◆ **THE TASK**:
Below are entries. Reproduce exactly the lines between the line holding "F. Gpon Olt" and the line holding "Mahindra Thar Lx", inclusive, and only those.

= Beginning of Section =

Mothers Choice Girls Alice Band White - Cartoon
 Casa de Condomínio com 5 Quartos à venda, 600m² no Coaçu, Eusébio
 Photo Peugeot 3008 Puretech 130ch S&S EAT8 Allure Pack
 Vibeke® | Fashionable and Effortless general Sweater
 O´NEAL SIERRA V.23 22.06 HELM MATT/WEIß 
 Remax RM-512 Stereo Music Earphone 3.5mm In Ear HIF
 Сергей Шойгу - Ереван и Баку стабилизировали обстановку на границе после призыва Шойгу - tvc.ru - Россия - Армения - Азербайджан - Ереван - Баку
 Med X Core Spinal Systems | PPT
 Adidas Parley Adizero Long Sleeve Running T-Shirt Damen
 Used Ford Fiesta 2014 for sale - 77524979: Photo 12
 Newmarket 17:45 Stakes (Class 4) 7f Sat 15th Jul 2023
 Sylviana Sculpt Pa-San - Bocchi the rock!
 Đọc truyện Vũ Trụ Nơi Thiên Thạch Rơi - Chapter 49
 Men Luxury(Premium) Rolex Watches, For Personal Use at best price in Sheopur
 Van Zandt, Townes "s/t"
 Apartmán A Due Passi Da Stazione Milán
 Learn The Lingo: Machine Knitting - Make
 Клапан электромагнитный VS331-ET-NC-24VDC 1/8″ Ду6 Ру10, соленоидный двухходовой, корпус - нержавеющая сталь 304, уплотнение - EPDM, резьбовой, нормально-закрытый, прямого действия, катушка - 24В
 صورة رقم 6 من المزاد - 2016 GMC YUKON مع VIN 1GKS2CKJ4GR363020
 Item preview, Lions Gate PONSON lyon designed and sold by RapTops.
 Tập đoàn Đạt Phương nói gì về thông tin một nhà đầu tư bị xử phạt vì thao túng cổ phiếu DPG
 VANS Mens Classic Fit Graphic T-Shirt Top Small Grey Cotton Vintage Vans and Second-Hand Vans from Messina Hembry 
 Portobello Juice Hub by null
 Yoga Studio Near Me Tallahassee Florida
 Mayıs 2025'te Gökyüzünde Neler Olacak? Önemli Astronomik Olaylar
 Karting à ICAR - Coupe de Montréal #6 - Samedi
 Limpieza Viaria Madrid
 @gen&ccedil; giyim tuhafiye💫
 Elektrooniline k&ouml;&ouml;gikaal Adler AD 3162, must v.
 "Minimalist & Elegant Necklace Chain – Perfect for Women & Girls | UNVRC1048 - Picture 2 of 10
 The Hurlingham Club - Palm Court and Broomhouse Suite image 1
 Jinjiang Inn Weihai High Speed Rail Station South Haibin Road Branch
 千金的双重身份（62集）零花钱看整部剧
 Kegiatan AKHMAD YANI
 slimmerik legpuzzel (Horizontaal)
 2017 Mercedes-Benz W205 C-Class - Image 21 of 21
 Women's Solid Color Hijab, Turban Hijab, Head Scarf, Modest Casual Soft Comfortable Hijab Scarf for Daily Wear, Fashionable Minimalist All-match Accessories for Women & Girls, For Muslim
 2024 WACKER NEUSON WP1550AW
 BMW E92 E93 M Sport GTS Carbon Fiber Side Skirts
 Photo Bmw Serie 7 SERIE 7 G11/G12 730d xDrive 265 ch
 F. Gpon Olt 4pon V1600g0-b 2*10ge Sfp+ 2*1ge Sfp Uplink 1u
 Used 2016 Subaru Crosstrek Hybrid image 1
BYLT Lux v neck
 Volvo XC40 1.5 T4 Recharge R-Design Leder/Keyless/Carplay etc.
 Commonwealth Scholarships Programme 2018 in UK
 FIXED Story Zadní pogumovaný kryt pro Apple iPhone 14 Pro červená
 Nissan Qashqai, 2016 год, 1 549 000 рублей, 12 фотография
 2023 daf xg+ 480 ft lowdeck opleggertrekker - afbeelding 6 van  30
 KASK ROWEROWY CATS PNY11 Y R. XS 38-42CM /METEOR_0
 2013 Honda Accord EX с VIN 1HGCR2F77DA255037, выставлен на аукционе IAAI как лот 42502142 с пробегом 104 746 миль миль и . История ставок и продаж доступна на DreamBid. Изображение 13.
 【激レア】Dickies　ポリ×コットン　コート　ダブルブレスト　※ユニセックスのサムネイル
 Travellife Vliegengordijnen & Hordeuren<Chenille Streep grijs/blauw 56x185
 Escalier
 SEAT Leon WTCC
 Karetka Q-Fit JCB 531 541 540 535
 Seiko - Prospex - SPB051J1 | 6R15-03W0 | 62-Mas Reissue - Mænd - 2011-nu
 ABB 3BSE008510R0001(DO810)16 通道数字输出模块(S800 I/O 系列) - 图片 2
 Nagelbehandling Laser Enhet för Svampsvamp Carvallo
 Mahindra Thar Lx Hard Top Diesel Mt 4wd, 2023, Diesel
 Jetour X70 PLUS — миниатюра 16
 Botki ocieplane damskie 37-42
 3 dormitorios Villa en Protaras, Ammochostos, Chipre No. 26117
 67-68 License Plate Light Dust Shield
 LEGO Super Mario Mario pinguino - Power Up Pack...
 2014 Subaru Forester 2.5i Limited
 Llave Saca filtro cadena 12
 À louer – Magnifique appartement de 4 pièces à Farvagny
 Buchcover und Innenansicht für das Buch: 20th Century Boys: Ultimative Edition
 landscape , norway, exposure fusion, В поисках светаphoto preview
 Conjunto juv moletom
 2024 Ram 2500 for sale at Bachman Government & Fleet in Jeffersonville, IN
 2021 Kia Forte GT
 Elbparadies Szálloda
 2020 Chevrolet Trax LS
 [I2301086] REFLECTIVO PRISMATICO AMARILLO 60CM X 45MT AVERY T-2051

= End of Section =

◆ **EXPECTED ANSWER**:
 F. Gpon Olt 4pon V1600g0-b 2*10ge Sfp+ 2*1ge Sfp Uplink 1u
 Used 2016 Subaru Crosstrek Hybrid image 1
BYLT Lux v neck
 Volvo XC40 1.5 T4 Recharge R-Design Leder/Keyless/Carplay etc.
 Commonwealth Scholarships Programme 2018 in UK
 FIXED Story Zadní pogumovaný kryt pro Apple iPhone 14 Pro červená
 Nissan Qashqai, 2016 год, 1 549 000 рублей, 12 фотография
 2023 daf xg+ 480 ft lowdeck opleggertrekker - afbeelding 6 van  30
 KASK ROWEROWY CATS PNY11 Y R. XS 38-42CM /METEOR_0
 2013 Honda Accord EX с VIN 1HGCR2F77DA255037, выставлен на аукционе IAAI как лот 42502142 с пробегом 104 746 миль миль и . История ставок и продаж доступна на DreamBid. Изображение 13.
 【激レア】Dickies　ポリ×コットン　コート　ダブルブレスト　※ユニセックスのサムネイル
 Travellife Vliegengordijnen & Hordeuren<Chenille Streep grijs/blauw 56x185
 Escalier
 SEAT Leon WTCC
 Karetka Q-Fit JCB 531 541 540 535
 Seiko - Prospex - SPB051J1 | 6R15-03W0 | 62-Mas Reissue - Mænd - 2011-nu
 ABB 3BSE008510R0001(DO810)16 通道数字输出模块(S800 I/O 系列) - 图片 2
 Nagelbehandling Laser Enhet för Svampsvamp Carvallo
 Mahindra Thar Lx Hard Top Diesel Mt 4wd, 2023, Diesel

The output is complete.